System is less than 2 years old this is the second time the pushrod has gone down. I beat the **** out of my camera because I use it for free on every call but I know I am not the only one who does that.

I never hear the ridgid guys complain about pushrod life


----------



## gear junkie (Jun 20, 2008)

How many feet have you inspected on your Mytana's?


----------



## Unclog1776 (Feb 5, 2013)

The first Mytana system I owned had 400 feet of pushrod on it. Physically impossible to push more than 200 by hand. Since making that purchase I have always gone with 200 foot rolls. I have 3 and they are probably anywhere from 150-190 a piece because they have each been repaired several times. 

IMO if a line is smaller than 8" and does not have a clean out or manhole closer than every 300 foot that alone is an issue that needs to be addressed. 

I sub contract a lot of work to a company with a crawler unit. Those things are badass I just can't work up the balls to pull the trigger on a 200k system yet


----------



## Shoot'N'Plumber (Apr 27, 2013)

Unclog1776 said:


> Sent the pushrod on my Mytana system in again today.
> 
> System is less than 2 years old this is the second time the pushrod has gone down. I beat the **** out of my camera because I use it for free on every call but I know I am not the only one who does that.
> 
> I never hear the ridgid guys complain about pushrod life


FREE? do you just do it for the Helluv it on every call for free.

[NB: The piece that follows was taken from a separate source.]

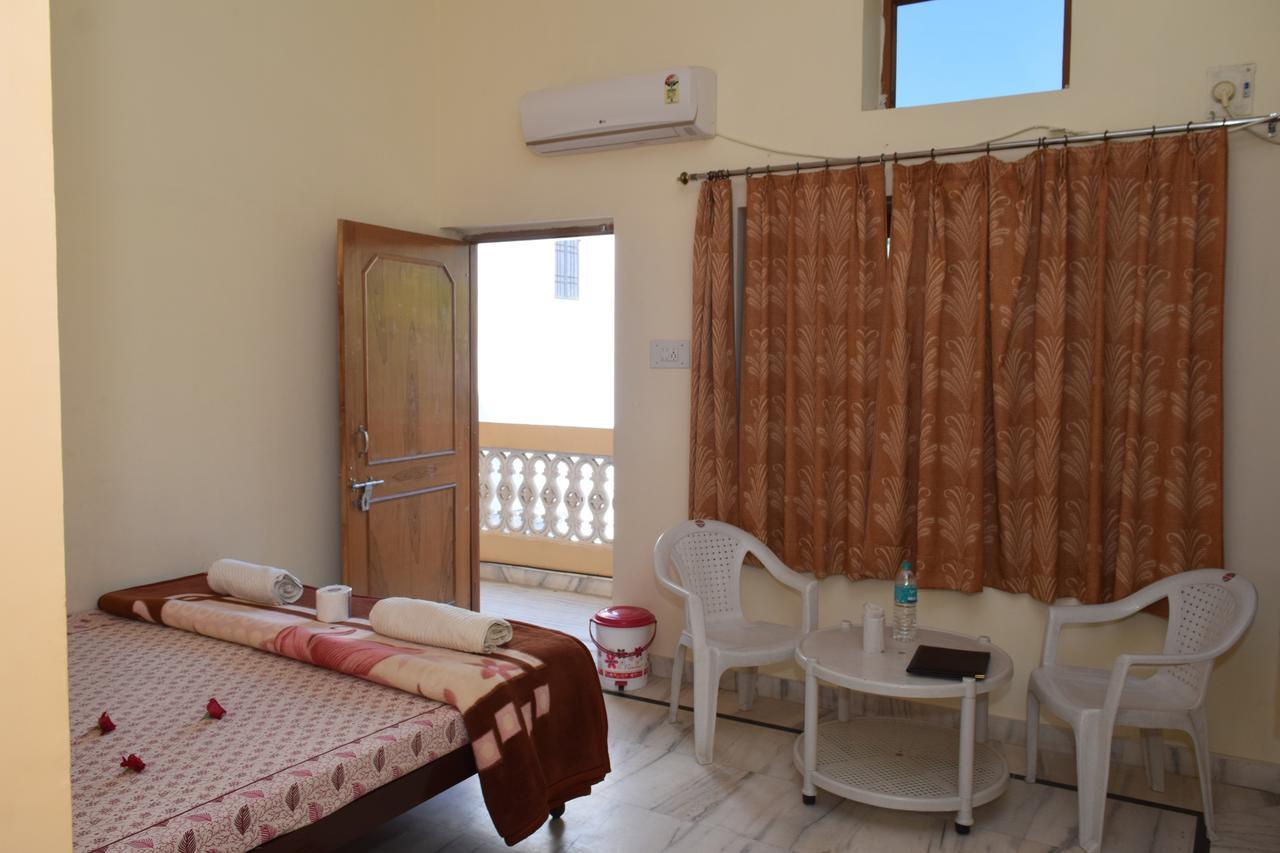 Hotel Kamal Villas Pushkar Exteriör bild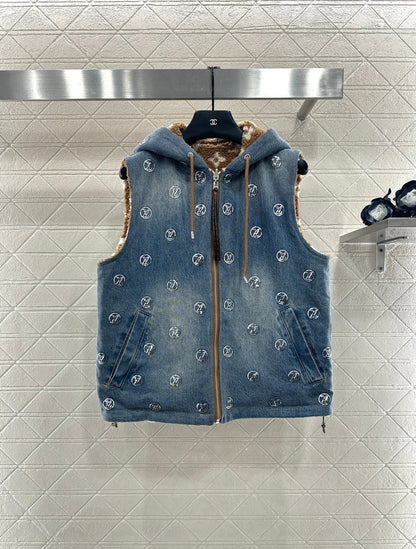 Wearing a hooded teddy lamb vest on both sides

At my last shop we would charge for the camera, but would waive the fee if customer needed repair and signed a repair contract and gave deposit.


----------



## gear junkie (Jun 20, 2008)

No, I mean how feet of sewer line have you inspected? My mini went of 40k feet before it had any issues. I'm not sure how many feet is on my big camera


----------



## Unclog1776 (Feb 5, 2013)

I never kept track of that. Interesting


----------



## plbgbiz (Aug 27, 2010)

Unclog1776 said:


> I never kept track of that. Interesting


Wouldn't it be cool if cameras had their own version of an hour meter. :thumbup:

A separate footage counter that only tracked movement, not + \ -. Can't be turned off, can't be reset.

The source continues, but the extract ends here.